Der desorientierten deutschen Nachkriegsgesellschaft will er wieder Perspektiven für eine neue demokratische Identität geben:
„Die Legende von dem unpolitischen Volk der Deutschen ist falsch [...]. Und so begreife ich – wenn wir das Zentralistische, Befehlsmäßige ablehnen – die Gliederung, in der wir leben, als die großen Schulungsmöglichkeiten und als die Voraussetzungen zu dem, was ich eine lebendige Demokratie nennen möchte.”
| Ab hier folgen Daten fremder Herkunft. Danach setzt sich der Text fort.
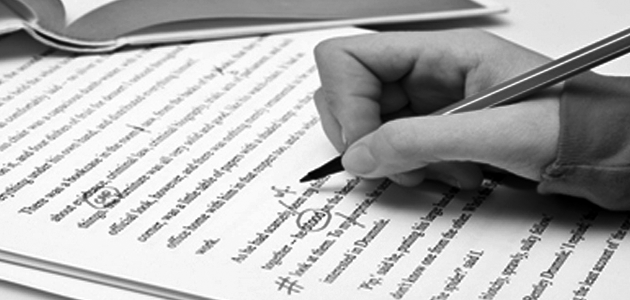 translation education proofread ljubljana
In den Chor des Vergessens und Beschweigens stimmt Heuss nicht ein:
„Es ist eine Gnade des Schicksals beim Einzelmenschen, daß er vergessen kann. Wie könnten wir als einzelne leben, wenn all das, was uns an Leid, Enttäuschungen und Trauer im Leben begegnet ist, uns immer gegenwärtig sein würde! Und auch für die Völker ist es eine Gnade, vergessen zu können: Aber meine Sorge ist, daß manche Leute in Deutschland mit dieser Gnade Mißbrauch treiben und zu rasch vergessen wollen. Wir müssen das Spürgefühl behalten, was uns dorthin geführt hat, wo wir heute sind. Das soll kein Wort der Rachegefühle, des Hasses sein. Ich hoffe, daß wir dazu kommen werden, nun aus dieser Verwirrung der Seelen im Volk eine Einheit zu schaffen. Aber wir dürfen es uns nicht so leicht machen, nun das vergessen zu haben, was die Hitlerzeit uns gebracht hat”
(in: Ralf Dahrendorf/Martin Vogt [Hg.]: Theodor Heuss. Politiker und Publizist, Tübingen 1984, S. 377-379).